A suite of models for studying the dynamics of ice sheets, ice caps and glaciers
A variety of numerical models are needed to study the terrestrial ice masses of the world. The large ice sheets of Greenland and Antarctica are most efficiently modelled using fairly simple models of their internal mechanics (often called zero-order models), which are appropriate at spatial resolutions of 20 km and (in comparison to the models discussed below) are (relatively) computationally undemanding. These models are inappropriate at finer spatial scales (smaller ice caps and glaciers) and where basal slip is important (ice shelves and ice streams). The large ice shelves which fringe Antarctica are modelled using first-order models which incorporate longitudinal stresses. In this case, a further simplifying assumption is made that vertical shear is unimportant (because the underlying ocean does not exert a traction). Similar models are required in the study of ice streams and smaller ice masses, however in these cases vertical shearing cannot be ignored and the vertical variation of all stress components must be considered.

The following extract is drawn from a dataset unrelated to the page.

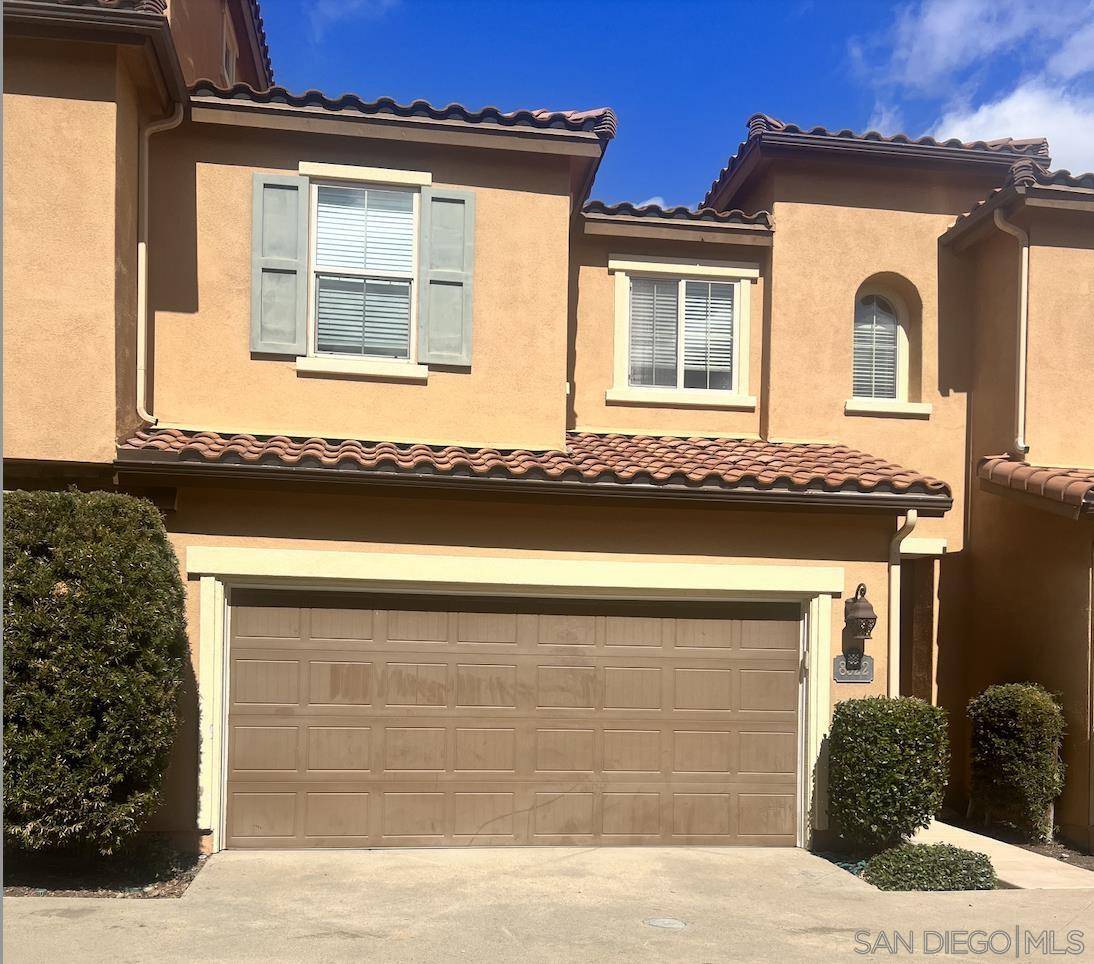 8522 Old Stonefield Chase, San Diego, CA 92127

Numerical models of terrestrial ice masses comprise the following components:
| 1 | The prognostic equation for ice thickness evolution incorporating net addition and loss to the ice mass, as well as internal flow. |
| 2 | The prognostic evolution for internal temperature evolution incorporating diffusion, advection, dissipation and geothermal heat input. |
| 3 | One of a series of increasingly complex models of the internal stress distribution within the ice mass (see above). |
| 4 | Rheological models relating the strain rate of ice to the internal stress regime of the ice mass, which are typically based on the Glen flow law, as well as relationships between the viscosity of ice and its temperature. |
| 5 | One of a series of increasingly complex models predicting mass gain via the accumulation of snow, and mass loss via the ablation of ice and snow. |
| 6 | Models concerning the underlying substrate, its hydrology and the way in which it interacts with the overlying ice mass. |
Large-scale numerical models of the Greenland and Antarctic Ice Sheets (including fringing ice shelves) are currently available to the group. Higher-order models of ice flow are actively being developed (a transect model already exists). The objectives of this project are to:
| 1 | Implement parallel versions of large-scale numerical models of the Greenland and Antarctic Ice Sheets. |
| 2 | Develop a higher-order model of ice flow suitable for the study of ice caps and glaciers, as well as regional studies of the Greenland and Antarctic Ice Sheets. |
| 3 | Trial the application of this model using the Pine Island basin, West Antarctica. |
| 4 | Develop a methodology for the use of satellite data (in particular, interferometric SAR ice-surface velocities) to constrain higher-orders of ice flow. |